Sousa Cintra fez a viagem até Belo Horizonte e regressou com Careca no mesmo voo. «Havia outras equipas interessadas, mas preferi o Sporting. Sousa Cintra era muito persuasivo.» À chegada a Lisboa, o presidente do Sporting estava radiante. Foi ainda na Portela que soltou a frase histórica.

«Temos aqui Careca, que é meio Eusébio e meio Pelé.»

A frase colou-se ao reforço brasileiro que nem pastilha elástica. Ainda hoje Careca é aquele reforço que era suposto ser meio Eusébio e meio Pelé. «Aquilo ganhou uma enorme proporção», recorda Careca à distância de mais de vinte anos. «Essas palavras se tornaram-se um peso em cima de mim.»

«Na altura não fiquei surpreendido com o que ele disse: entendi que ele estava a referir-se à minha fisionomia. Ainda hoje acho que ele estava a dizer que tinha parecenças físicas com eles. Mas a imprensa entendeu que ele estava a falar das qualidades futebolísticas e essa ideia perseguiu-me.»

Careca, com memórias de Bebeto e Romário

Careca haveria depois desse dia de tornar-se numa das maiores desilusões do Sporting: na primeira época ainda marca dez golos, na segunda faz apenas dois jogos e zero golos. No final do segundo ano é emprestado ao Famalicão: no norte do país volta a não se afirmar e acaba por voltar ao Brasil.

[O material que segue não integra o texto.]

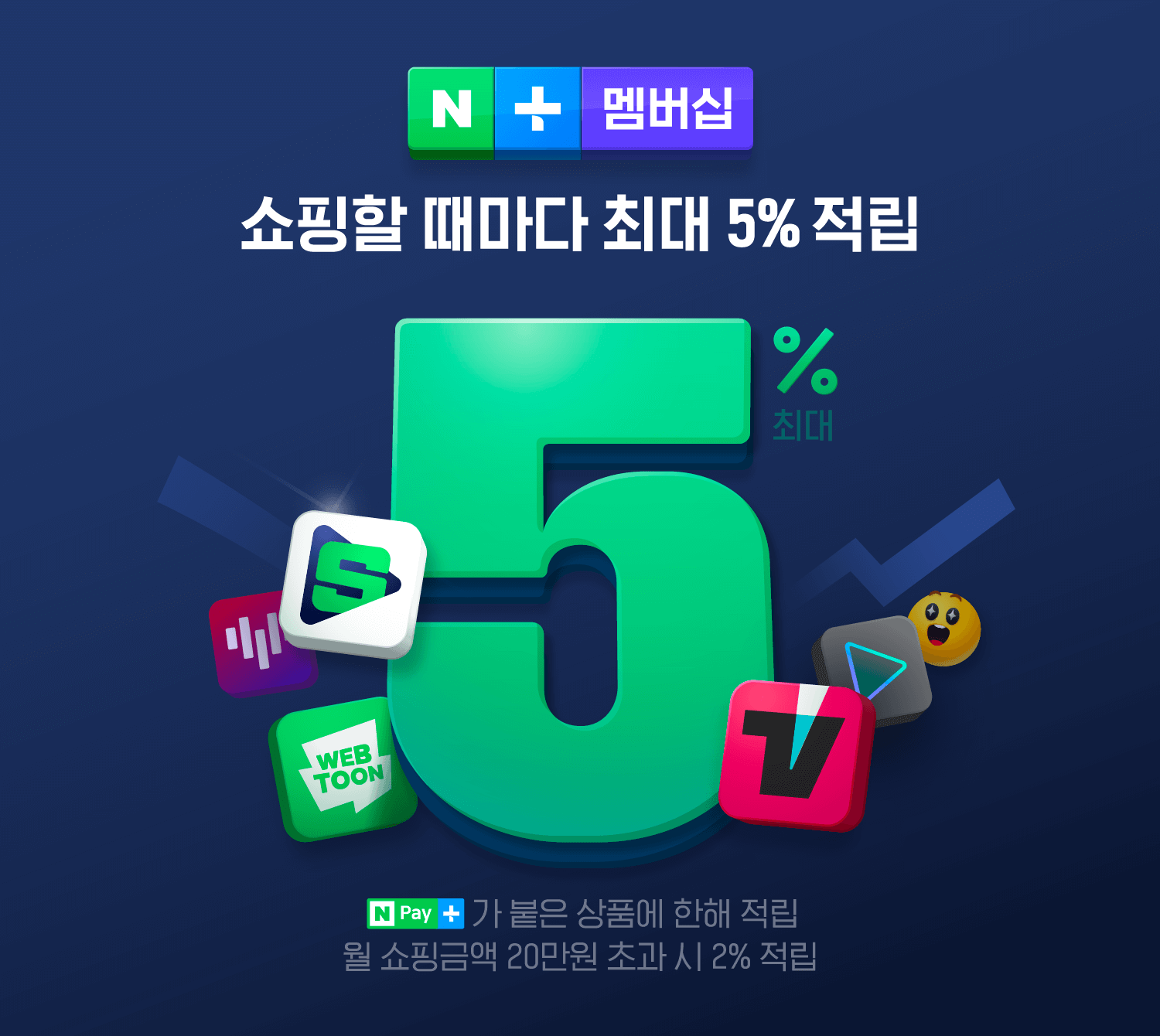 네이버 플러스 멤버십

«Devia ter feito mais, sem dúvida. Comecei muito bem, fiz um golo logo na primeira jornada ao V. Guimarães, mas com a chegada do inverno travei a adaptação. O futebol português era diferente, os campos estavam molhadas, não dava para jogar com tanta qualidade técnica. Nunca mais fui eu.»

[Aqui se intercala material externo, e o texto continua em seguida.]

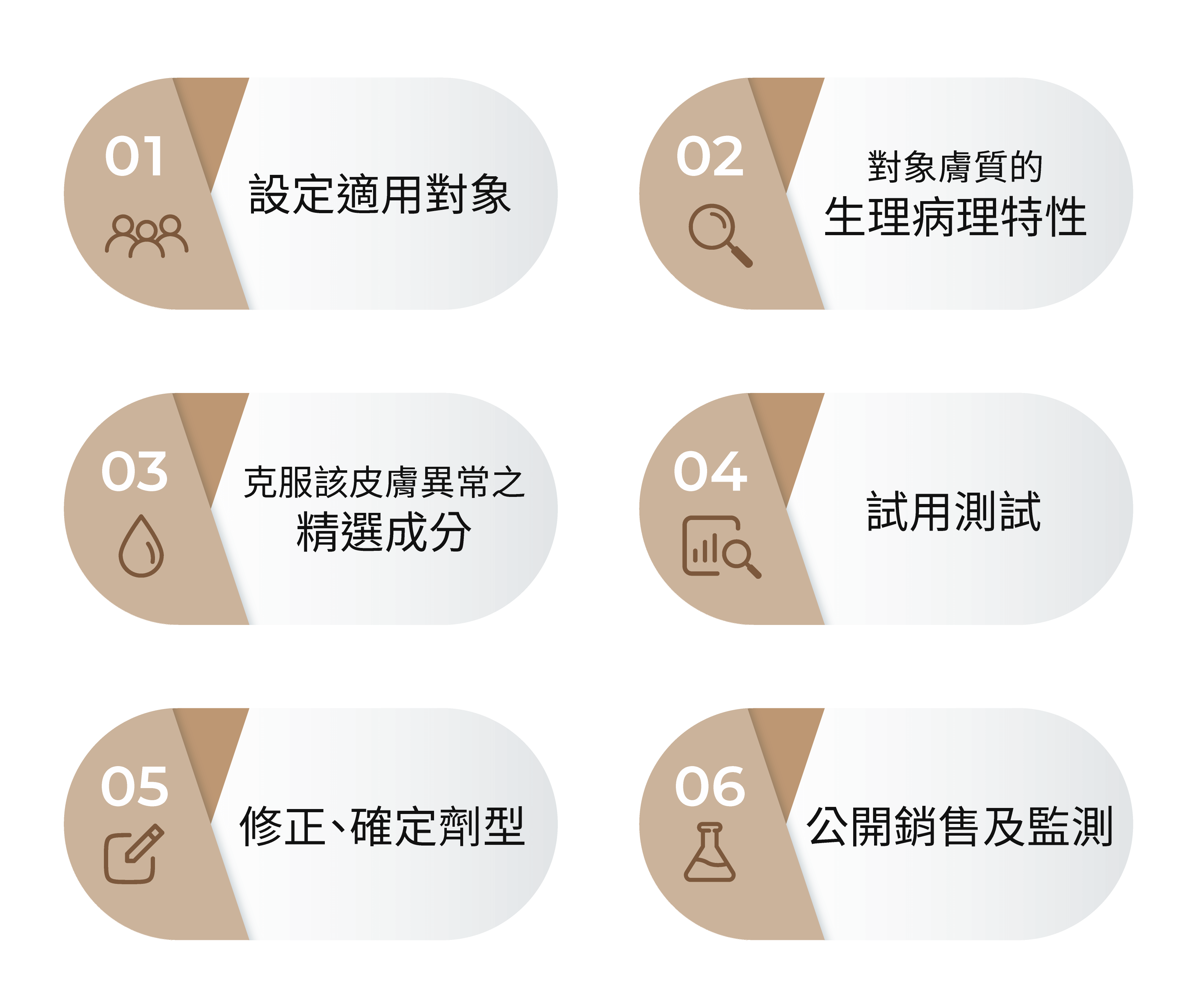 光點美學Light Beauty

O discurso de Carioca faz todo o sentido, realmente.

Era um médio ofensivo ao estilo de Sócrates: parecia jogar em bicos de pés. Não era rápido ou técnico, mas tinha bons pés e surgia muitas vezes em zonas de remate. Um jogador, enfim, tipicamente brasileiro. Por isso nunca se adaptou ao futebol português, e aos relvados pesados.

Para a história ficou de resto um vídeo de Sousa Cintra, no balneário antes do jogo com o Bolonha, a fumar charuto e gritar: «Tens de mostrar a estes italianos que tu não és uma merda qualquer». Hoje ao lembra-se desse episódio Careca ri-se. «Isso era normal nele», confessa com um sorriso.

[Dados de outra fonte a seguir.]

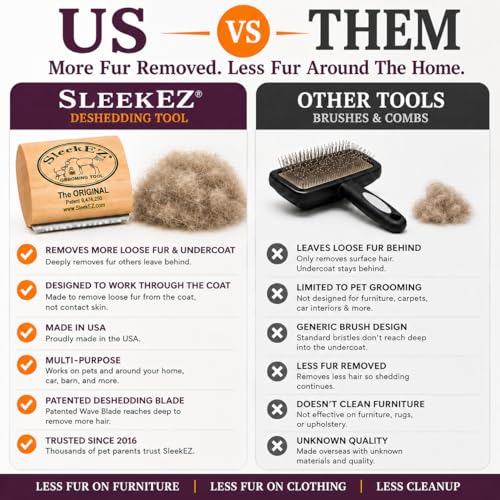 SleekEZ Cat Brush for Shedding - Deshedding Brush for Cats - Patented Grooming Tool for Removing Loose Fur, Undercoat & Hair - Made in USA - Works on Short, Medium & Long Coats - style: Cat Brush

«As coisas não estavam a correr-me bem e ele queria que eu mostrasse a toda a gente que o Careca tinha futebol dentro dele. Mas de Sousa Cintra eu só posso falar bem. Era muito bacano e era adorado por todos os jogadores do grupo. Era muito positivo, muito audacioso. Marcou-me muito.»

Vinte anos depois Careca não tem nenhuma mágoa com o futebol europeu.